3-dimensional (3D) stacked integration is the trend of the future microprocessor designs. However, thermal management and related reliability effects have become major limiting factors of design and application of the many-core and 3D integrated circuits (3D ICs). 3D integration allows more active layers integrated on top of each other, which significantly increases the power density and leads to large thermal resistances. The temperature distributions in many-core processors of 3D ICs are highly dependent on the loads and software programs. Effective optimization technique for thermal induced reliability is a key enabler for emerging 3D high-performance microprocessors. In this project, we propose to develop new fast analysis and runtime optimization technique for thermal induced reliability of 3D ICs. The proposed technique, compared with traditional ones, has many innovations and advantages: it includes a fast and accurate reliability analysis method, a highly scalable and efficient distributed optimization method, an overshoot proof predictive control technique, and an optimization method considering a number of thermal reliability issues.
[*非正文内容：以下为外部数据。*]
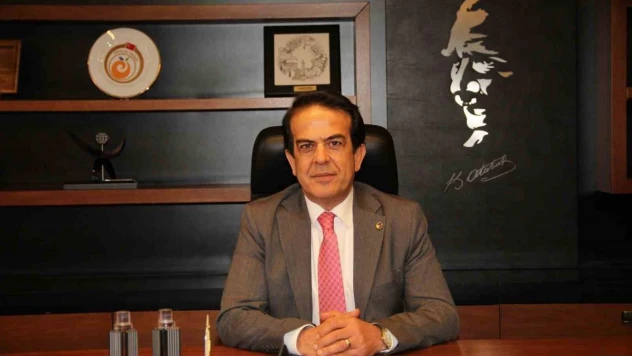 ATB Başkanı Çandır: 'Tarım enflasyonu yukarı yönlü'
The proposed technique aims to solve the key problem in 3D IC research, and is able to improve the reliability as well as the runtime efficiency of 3D ICs. It will also have significant impact on the advance of 3D IC technology.

三维层叠式（3D）集成技术是目前及未来的微处理器的发展趋势。然而，热可靠性问题已成为三维集成电路（3D IC）设计与应用的主要限制因素。三维层叠式集成允许更多的有源器件层叠在一起，这会显著提高芯片功率密度，并导致芯片散热效能降低。同时，其多核处理器的温度分布又高度依赖于软件程序负载。有效的热可靠性分析与优化技术是实现和推动三维高性能微处理器发展的核心技术。本项目中拟研发针对三维集成电路的新型热可靠性快速分析与在线优化技术。新技术相对现有技术具有多方面优势与创新：新技术含有快速而又精确的热可靠性分析方法，高度可扩展而又高效的分布式优化方法，防止过冲效应的预测控制技术，综合考虑多种热失效机制的优化方法等多种先进方法与技术。新技术将解决三维集成电路研究中的核心问题，能够大幅改善三维集成电路的可靠性与提高其运行效率，推动三维集成电路技术的发展。

新型3D IC结构高功率密度所导致的散热困难问题极大制约了其性能的发挥。在本项目中，我们对三维集成电路(3D IC)的热可靠性快速分析与在线优化技术展开了研究。在项目执行期间，项目组对硅穿孔热应力问题对 3D IC 热可靠性的影响、静态功耗估计中的温度与静态功耗之间的非线性关系问题、应用于众核芯片的动态热管理技术、具有暗硅现象芯片的动态热管理技术，以及考虑多种失效机制的 3D IC 可靠性在线优化方法等方面问题进行了研究。项目组成功研发了基于神经网络并考虑 3D IC 中硅穿孔结构的应力与温度耦合紧凑建模与高速分析技术、基于层次结构的众核芯片动态热管理技术、综合利用多种热可靠性优化技术的混合式热可靠性在线优化技术、综合考虑多种 3D IC 常见失效效应的热失效优化技术等研究成果。本项目的研究工作能够在保证可靠性的同时有效提高3D IC的运算性能。